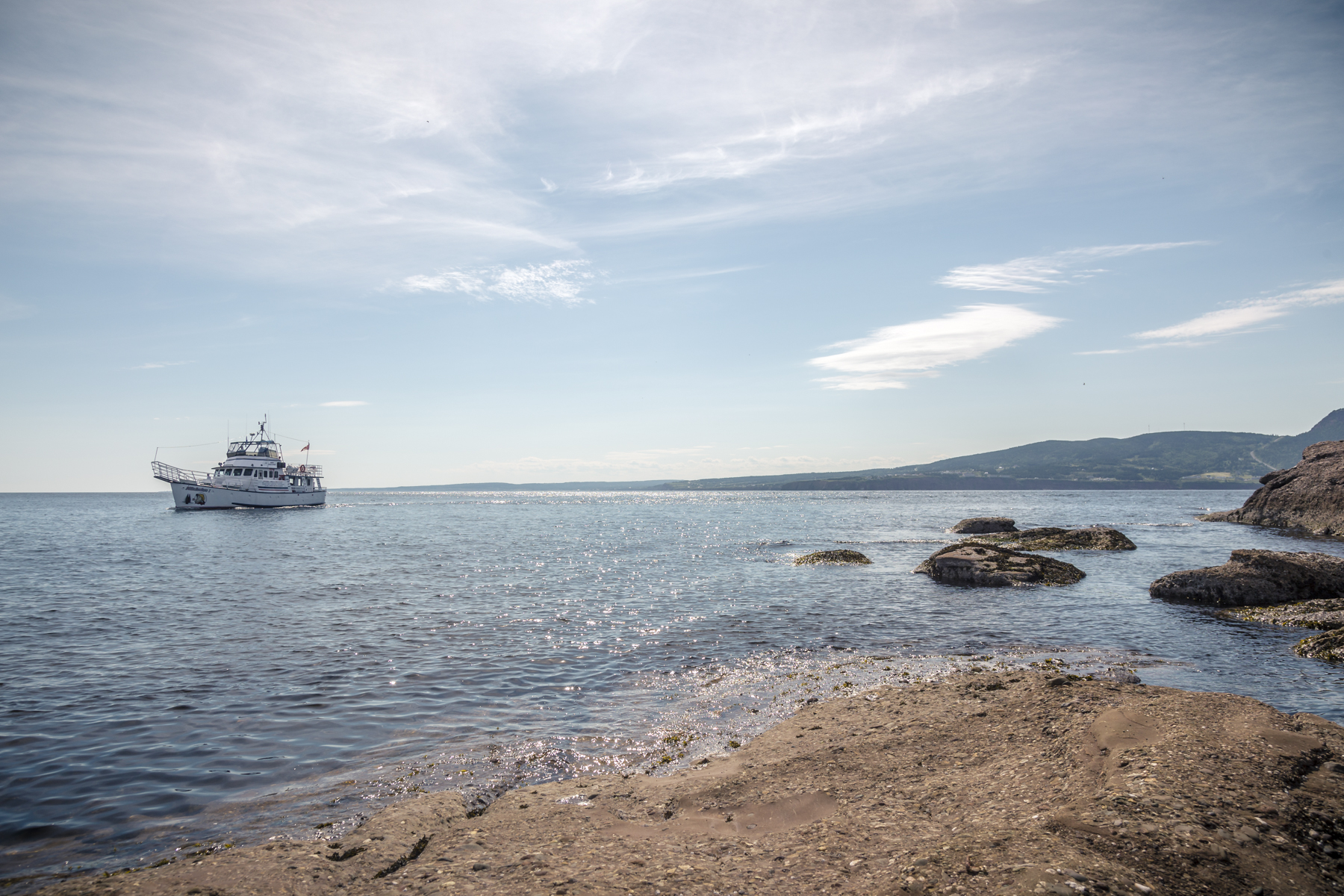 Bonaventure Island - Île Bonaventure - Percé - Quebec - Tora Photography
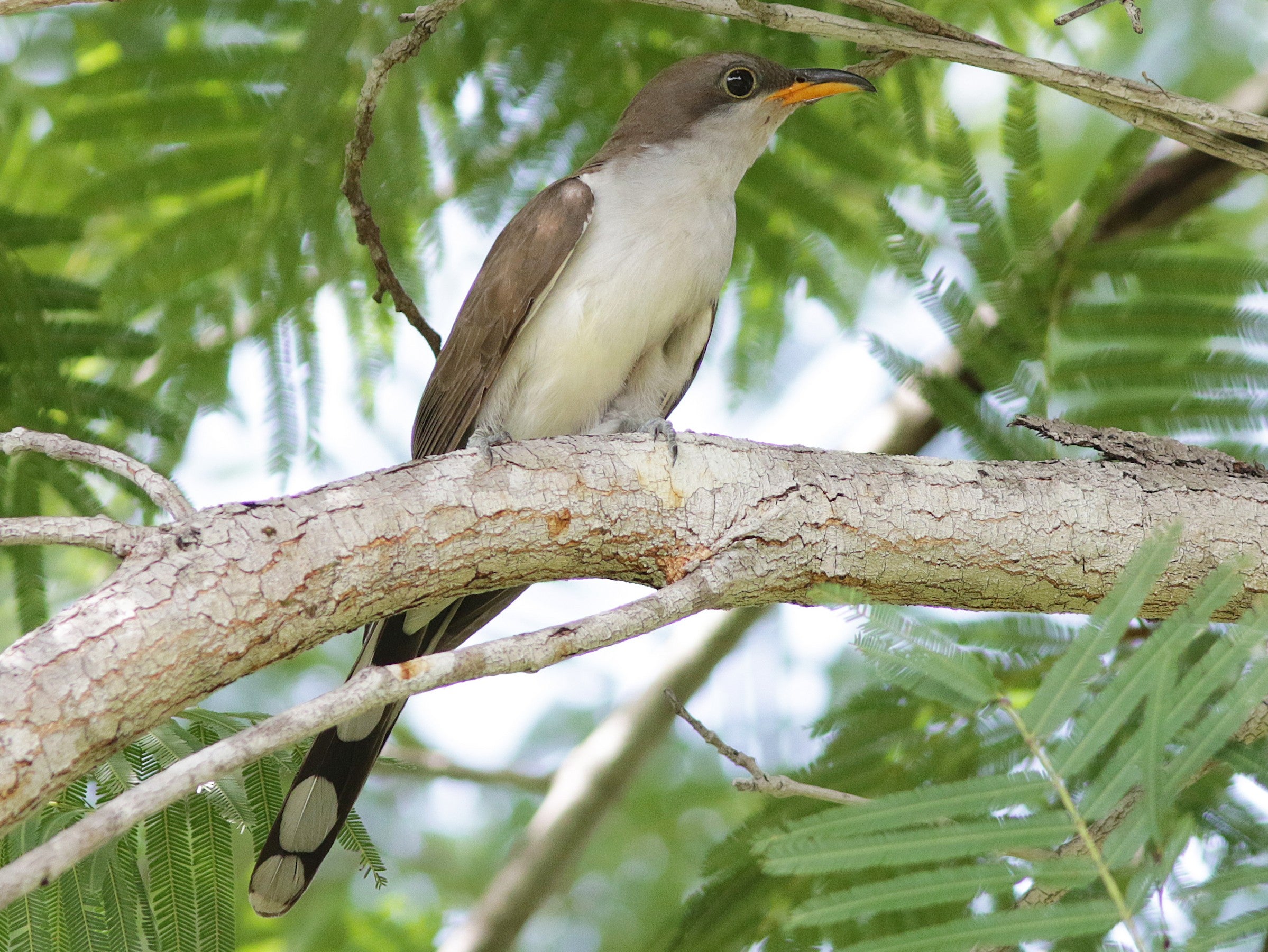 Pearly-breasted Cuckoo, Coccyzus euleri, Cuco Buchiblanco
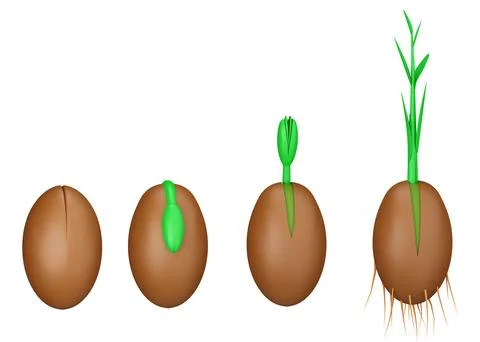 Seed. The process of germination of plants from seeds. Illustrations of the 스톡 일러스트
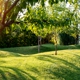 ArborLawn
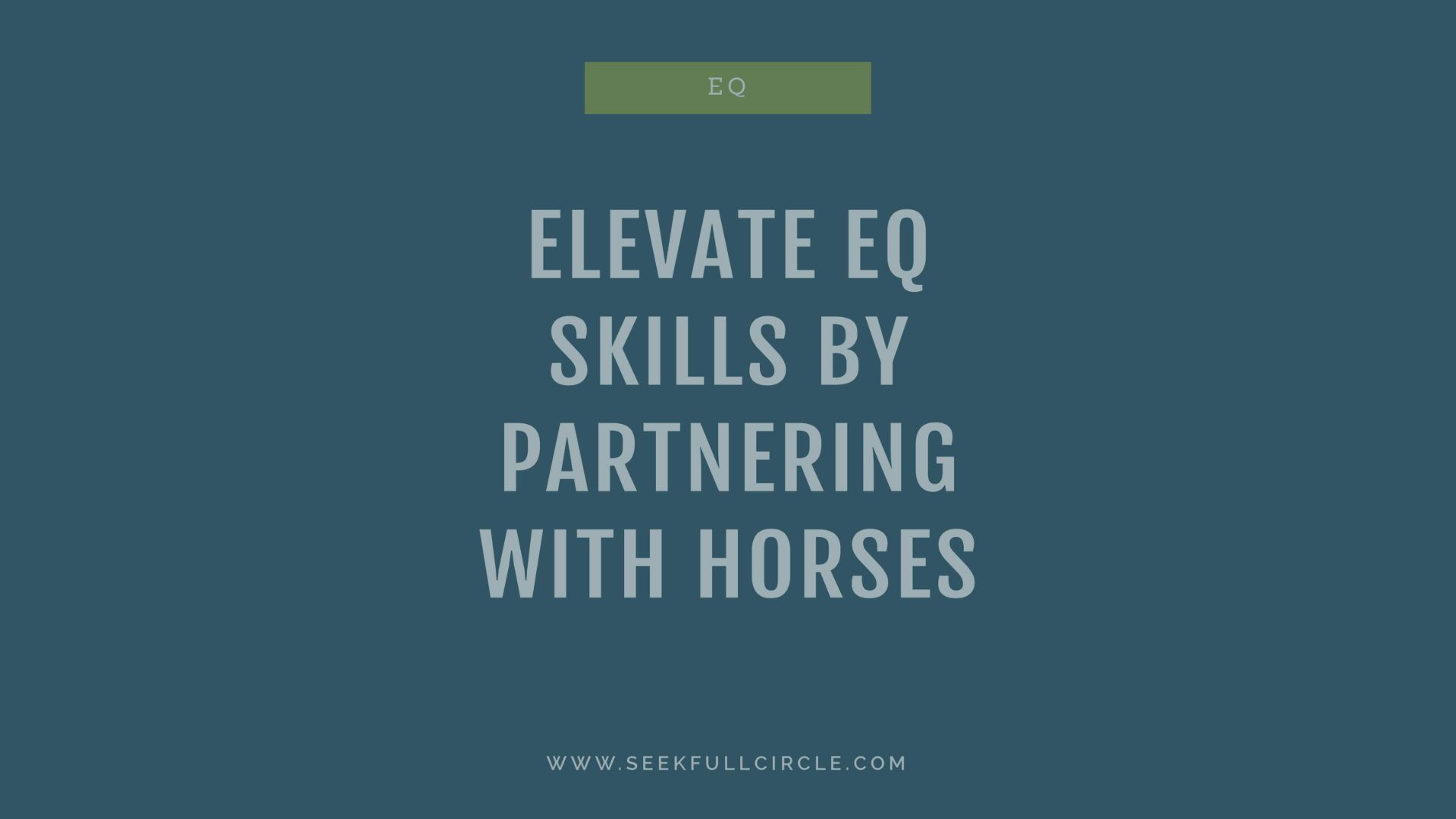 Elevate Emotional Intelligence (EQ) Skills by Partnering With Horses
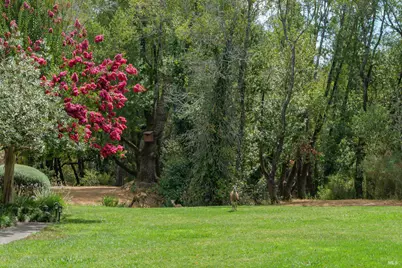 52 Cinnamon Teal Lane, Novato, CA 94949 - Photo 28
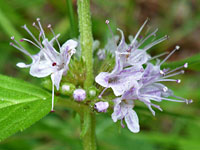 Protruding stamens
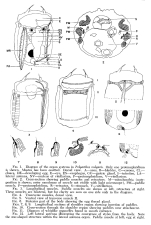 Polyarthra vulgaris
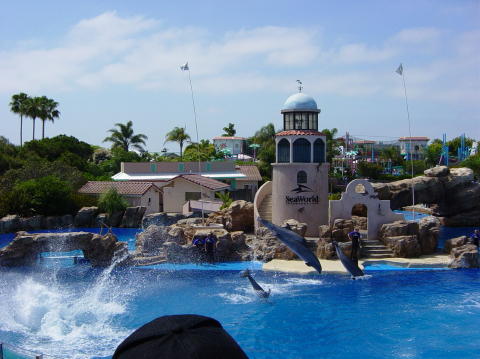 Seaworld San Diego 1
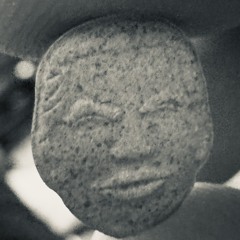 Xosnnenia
========================================
§ What is needed: Write out all the entries exactly, except for the pictures.

§ Written response:
 Bonaventure Island - Île Bonaventure - Percé - Quebec - Tora Photography
 Pearly-breasted Cuckoo, Coccyzus euleri, Cuco Buchiblanco
 Seed. The process of germination of plants from seeds. Illustrations of the 스톡 일러스트
 ArborLawn
 Elevate Emotional Intelligence (EQ) Skills by Partnering With Horses
 52 Cinnamon Teal Lane, Novato, CA 94949 - Photo 28
 Protruding stamens
 Polyarthra vulgaris
 Seaworld San Diego 1
 Xosnnenia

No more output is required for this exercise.